Archive for the ‘Amazon S3’ Category

S3 in Business: 4 – My Tunesafe

17 August 2006

[Complete series]

Last time I described tunesafe.com, a beautiful, smooth, elegant service with just one drawback: if the company behind it went bankrupt or changed its strategy, your service would end. With backups, this matters: you don’t want your backup data’s survival to depend on someone else’s financial stability.

So let’s take a different approach. Open an Amazon S3 account of your own. Amazon make this easy. They let anyone do it. They don’t charge you for opening the account and, month by month, they charge your credit card with just the cost of what you have used: data storage, and upload and download.

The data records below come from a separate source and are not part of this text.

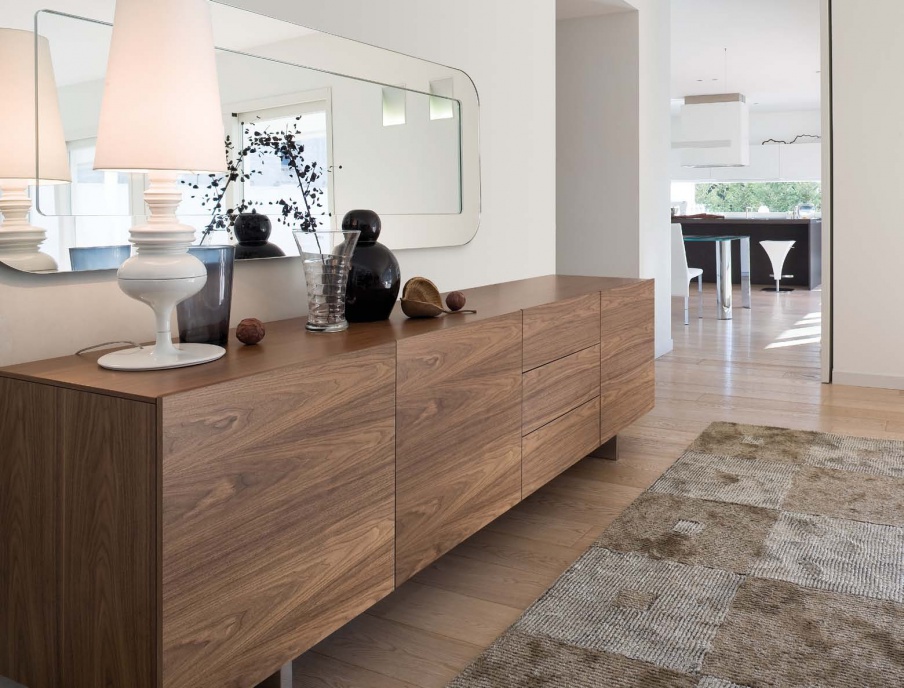 Dresser, Antonello Italia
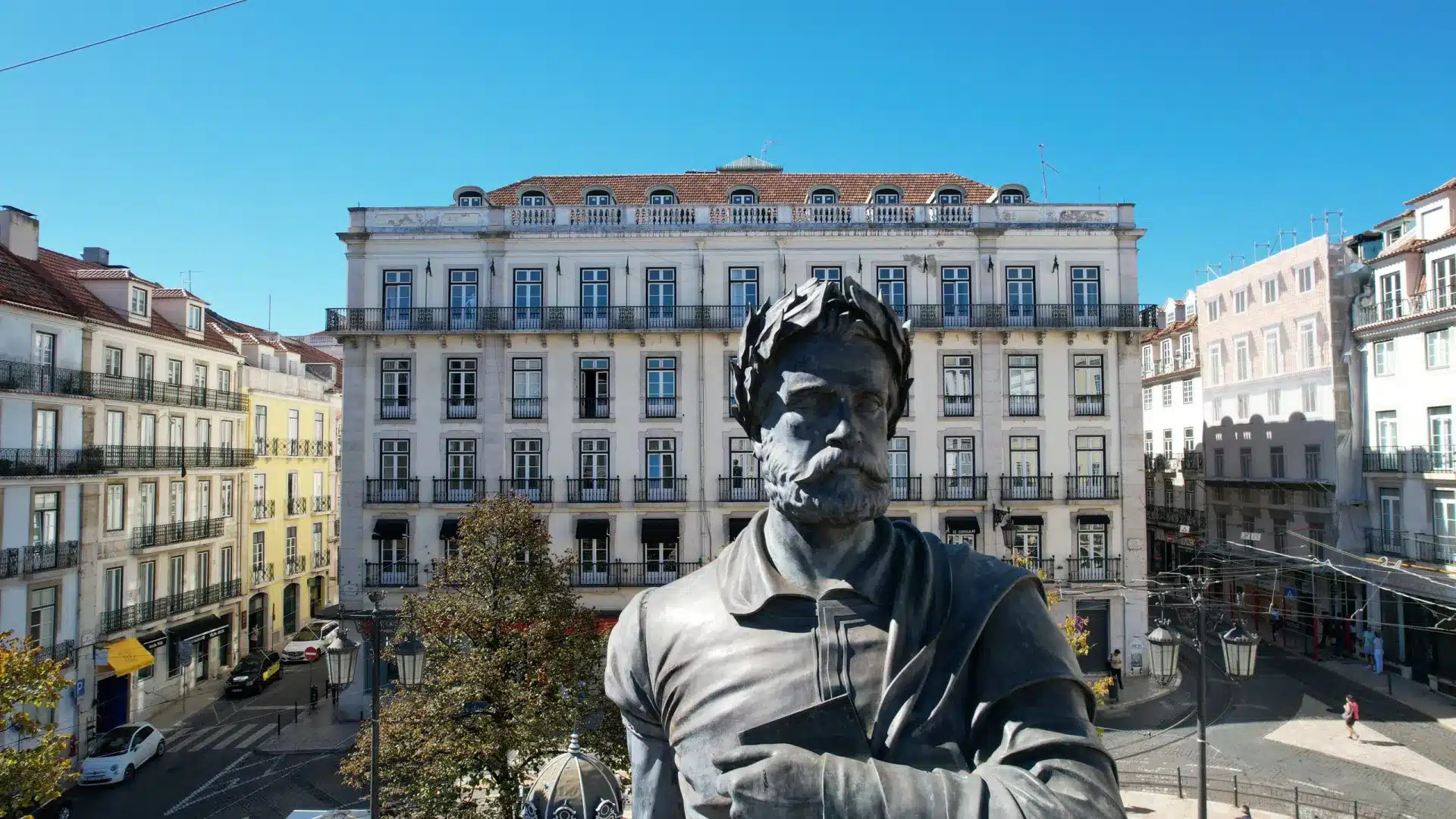 L'État achète un chansonnier rare du XVIe siècle pour les 500 ans de Camões.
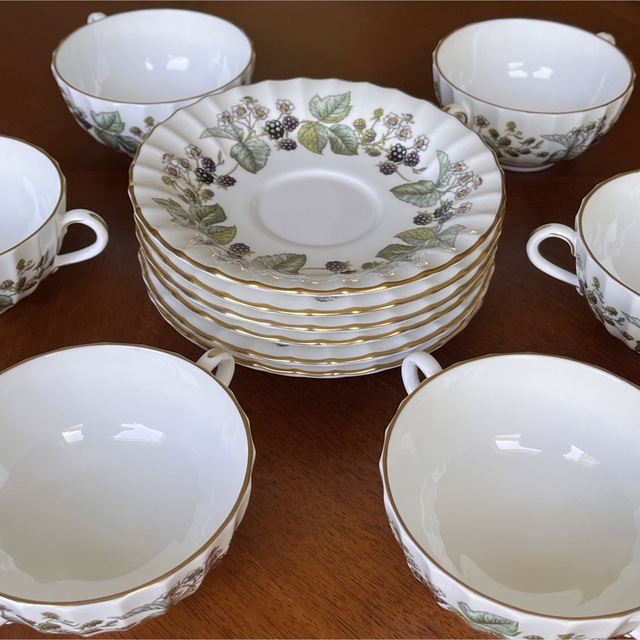 Royal Worcester(ロイヤルウースター)の【未使用美品】ロイヤルウースター★ラビニア★ダブルハンドルC/S 6客　お箱入り インテリア/住まい/日用品のキッチン/食器(食器)の商品写真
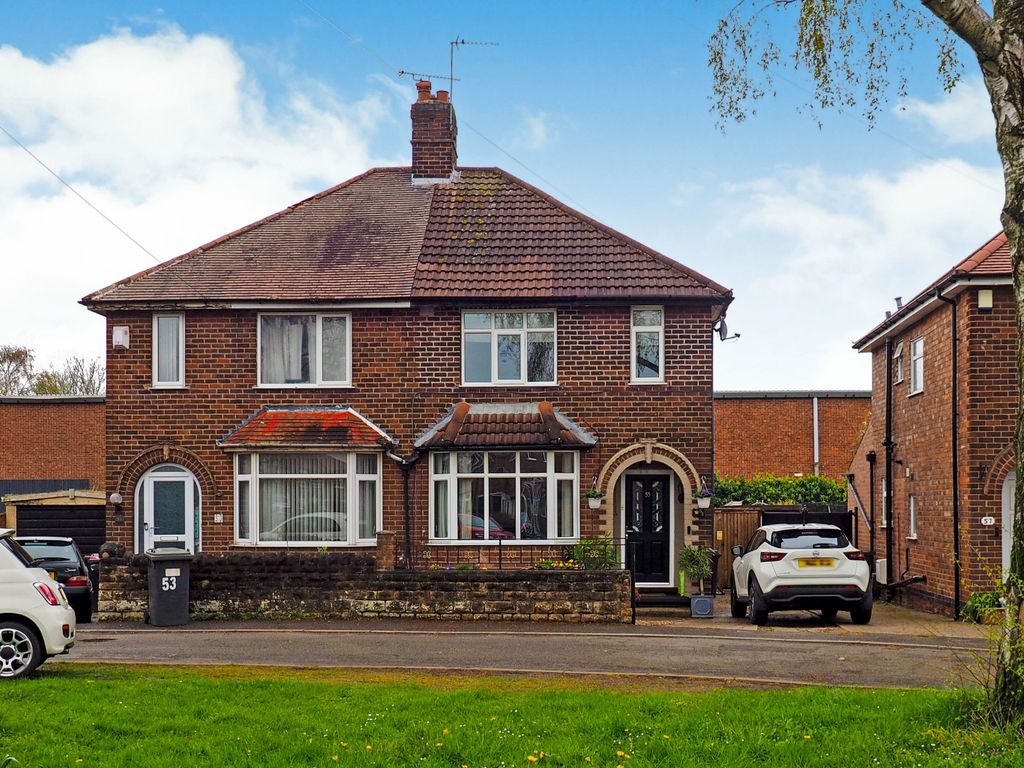 3 bed semidetached house for sale in Lilac Crescent, Beeston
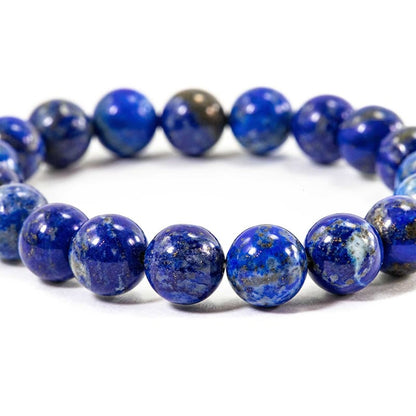 Bracelet en lapis lazuli vérité sur fond blanc et en gros plan Kaosix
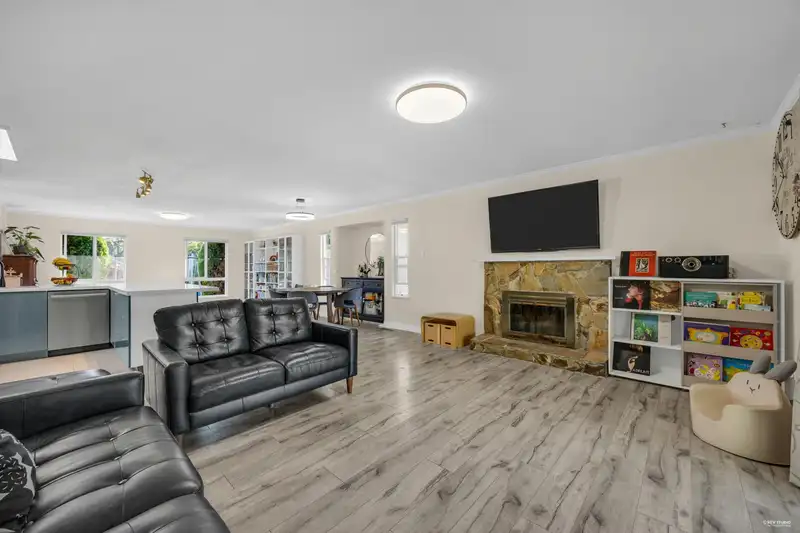 1117 161 STREET - photo 3 of 25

There will still be a program called Tunesafe on your PC, but this time it will be rather cleverer. It will maintain a duplicate copy of your iTunes music library directly on Amazon’s S3 space without needing a tunesafe.com server to help it. It will communicate directly with S3 for all its data storage and retrieval. If our tunesafe.com business disappears tomorrow, your Tunesafe program will carry on working just the same. Your contract is with Amazon: as long as you pay your bills, Amazon S3 will store your data.

There is just one snag left. We have arranged for you to pay for your data storage yourself – that’s no problem – but who pays us for the Tunesafe program that you’re using, and how? If the thing doesn’t get paid for somehow, then it won’t get written and you won’t be able to use it.

Next time, I’ll go into the ways in which the writer of Tunesafe might be able to make money out of it. This will include a suggested modification to the current S3 service that could lead to an explosion of new businesses built on S3.

S3 in Business: 3 – tunesafe.com

16 August 2006

[Complete series]

Last time I introduced Tunesafe, a program that backs up your iTunes music library continuously, invisibly, automatically. That’s how the user sees it, but how do we actually provide the Tunesafe service?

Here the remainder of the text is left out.